WORK REQUIRED: Please copy exactly the lines from the one containing "Vergleichsansicht 53db05f7b7" to the end of the entries, both included, and nothing else. Omit every picture.

Source records:
......

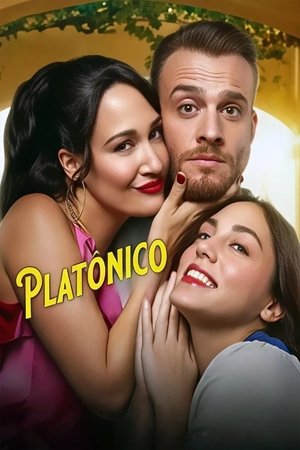 Platonik poszter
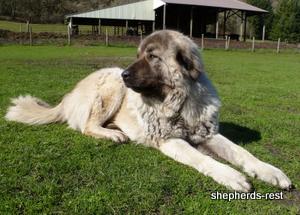 Image of Shepherds Rest Anatolians Biskuvi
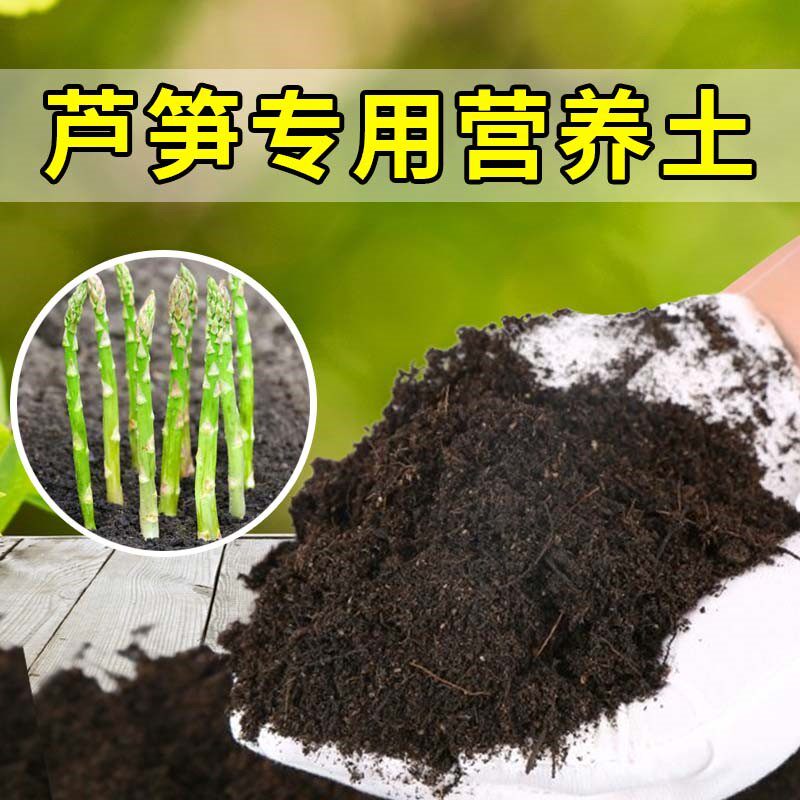 芦笋家用种植土腐叶土根壮苗好防烂根扦插室内加深生根粉盆栽阳台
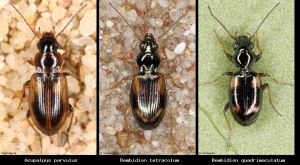 Vergleichsansicht 53db05f7b7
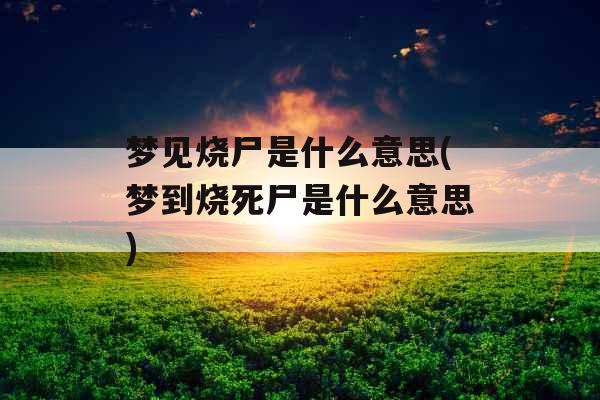 梦见烧尸是什么意思(梦到烧死尸是什么意思)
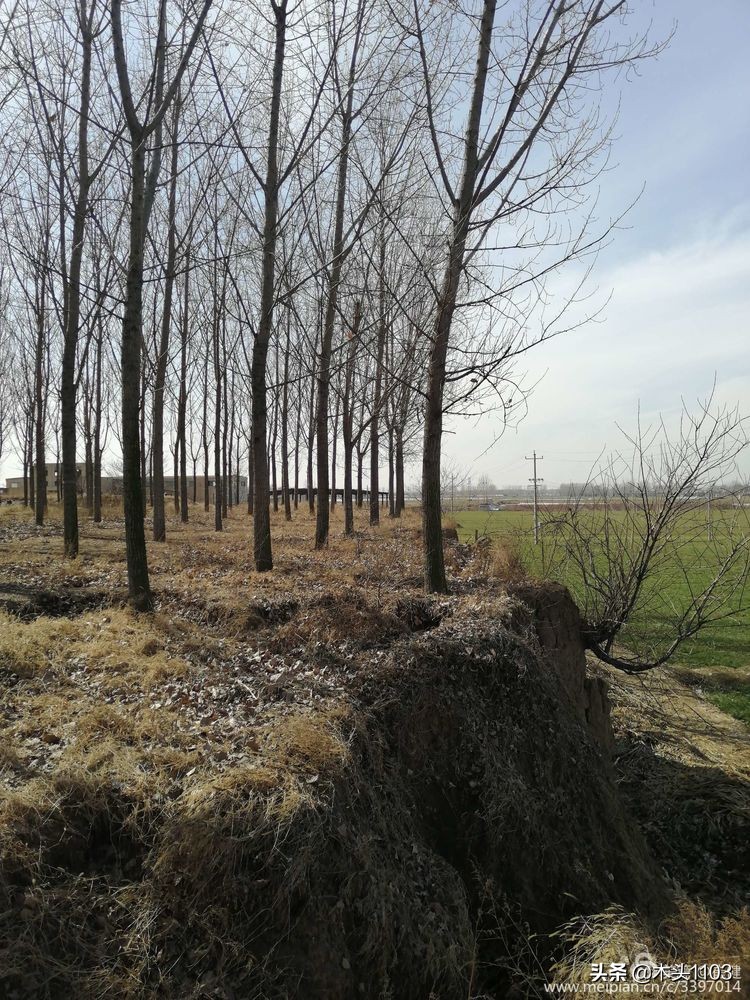 在路上之南迦巴瓦,在路上之川西美景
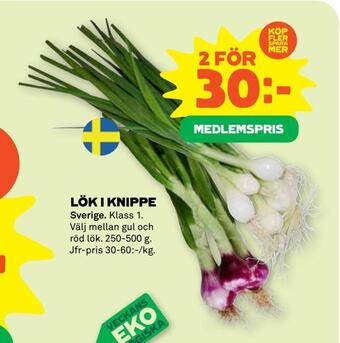 Coop Forum Lök i knippe erbjuda
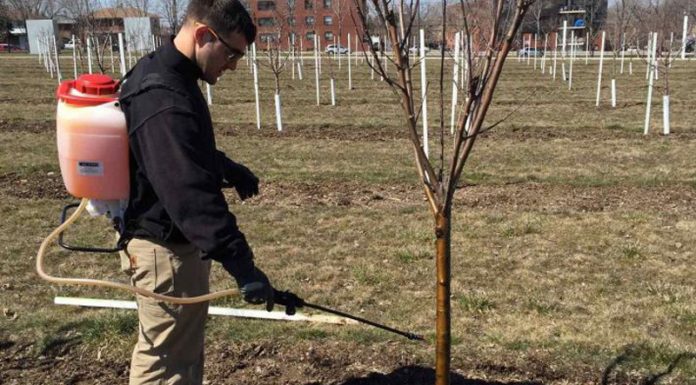 Agricultura pe înțelesul tuturor – Protecția fitosanitară a pomilor fructiferi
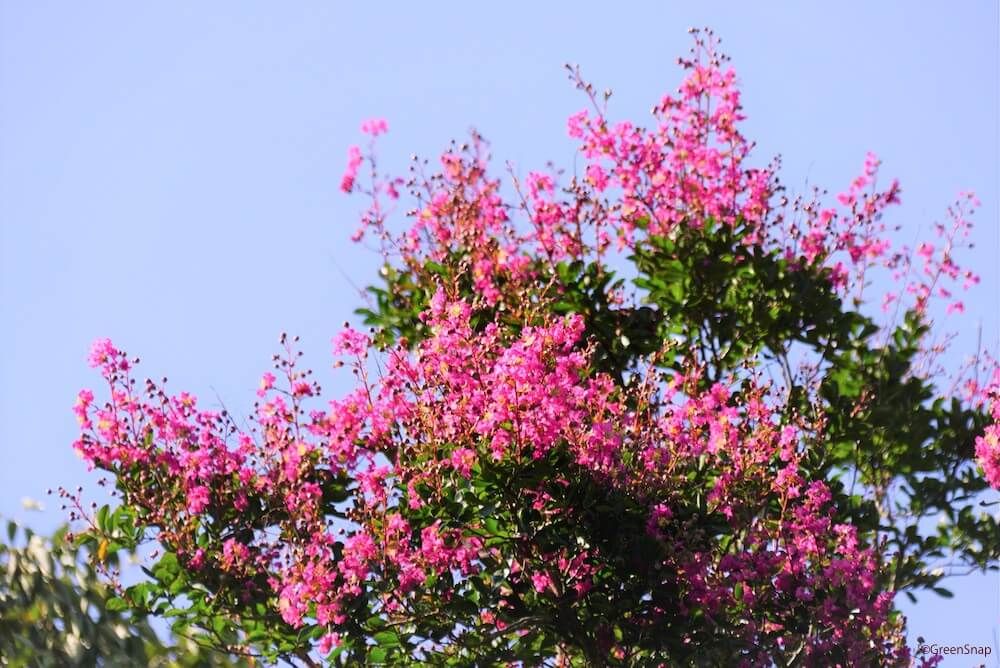 サルスベリ 百日紅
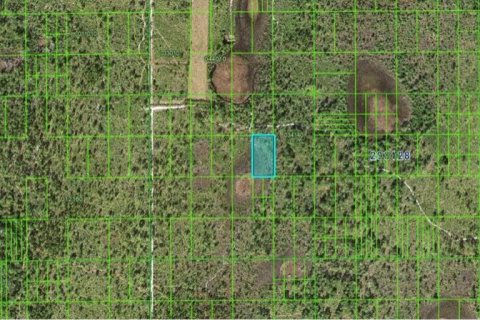 Land in Frostproof, Florida № 2161949 - photo 3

......

YOUR SOLUTION:
 Vergleichsansicht 53db05f7b7
 梦见烧尸是什么意思(梦到烧死尸是什么意思)
 在路上之南迦巴瓦,在路上之川西美景
 Coop Forum Lök i knippe erbjuda
 Agricultura pe înțelesul tuturor – Protecția fitosanitară a pomilor fructiferi
 サルスベリ 百日紅
 Land in Frostproof, Florida № 2161949 - photo 3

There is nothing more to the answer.